Quali sono i rischi del bomba libera tutti?

“Lo dicono tutti gli epidemiologi. Si teme che aumentando i contatti fra le persone crescano i contagi. Non bisogna dimenticare che il ministero della Salute ha elaborato un piano di controllo che costringe alla chiusura, a nuovi lockdown e zone rosse, se non si rispettano i parametri sulla diffusione del virus. La gradualità, unita al monitoraggio dei dati, avrebbe fatto sì di non rischiare di dover tornare indietro. Anche per la tutela dell’economia, sarebbe stato un modo per salvaguardare il cuore della stagione turistica».

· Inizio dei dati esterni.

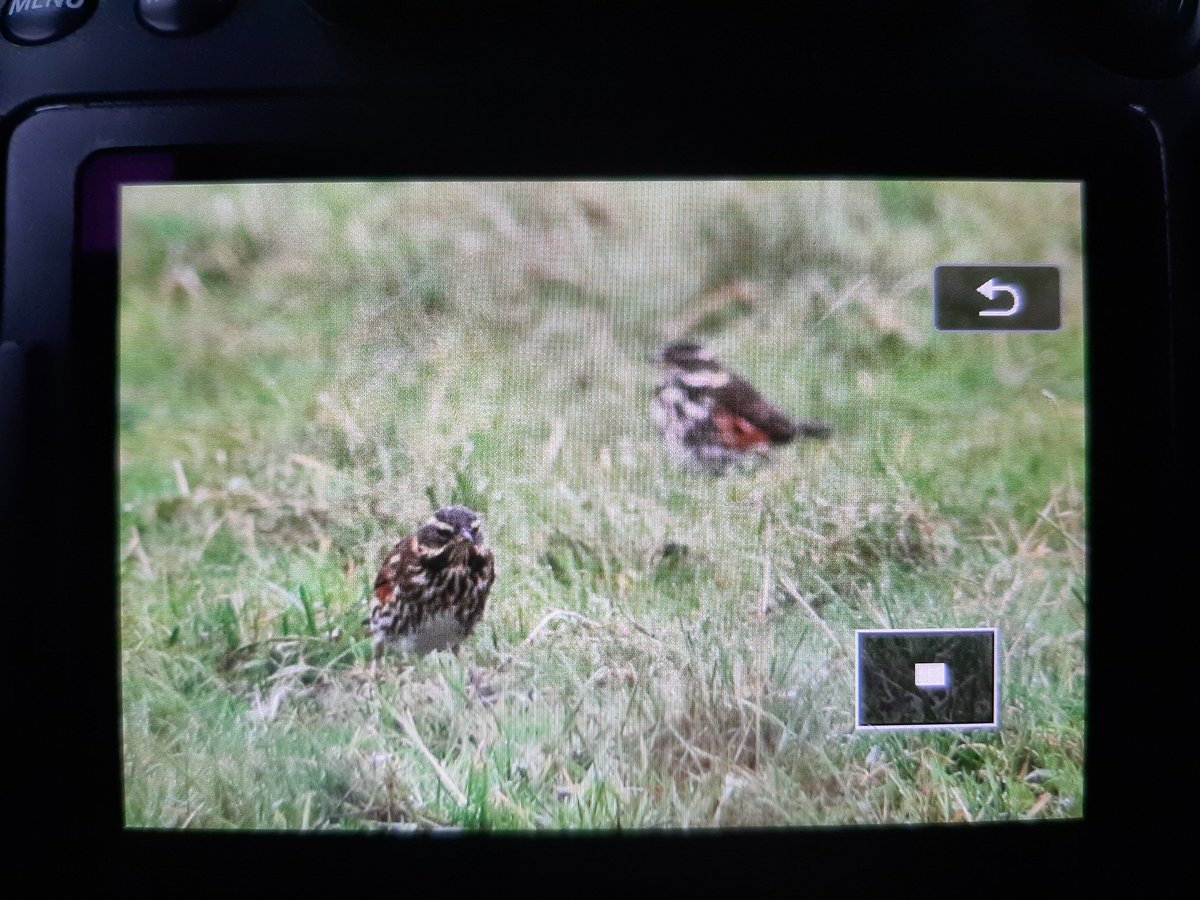 KoenStork's tweet image. Some coburni Redwings on Texel today in atrocious weather conditions.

Dopo il 2 giugno, via libera alla mobilità interregionale ed europea...

«Bisogna riflettere sulla possibilità di un criterio che ci consenta di tutelare la salute di tutti, residenti e vacanzieri. Penso a uno screening sierologico ma vediamo anche cosa mi consentono di fare».

Zaia si è attribuito l’invenzione dei tamponi a tutti, le si sente un po’ il padre dello screening sierologico di massa?

«In Toscana siamo stati i primi ad avere intuito l’utilità del test sierologico. All’inizio mi hanno anche redarguito, ma si stanno allineando».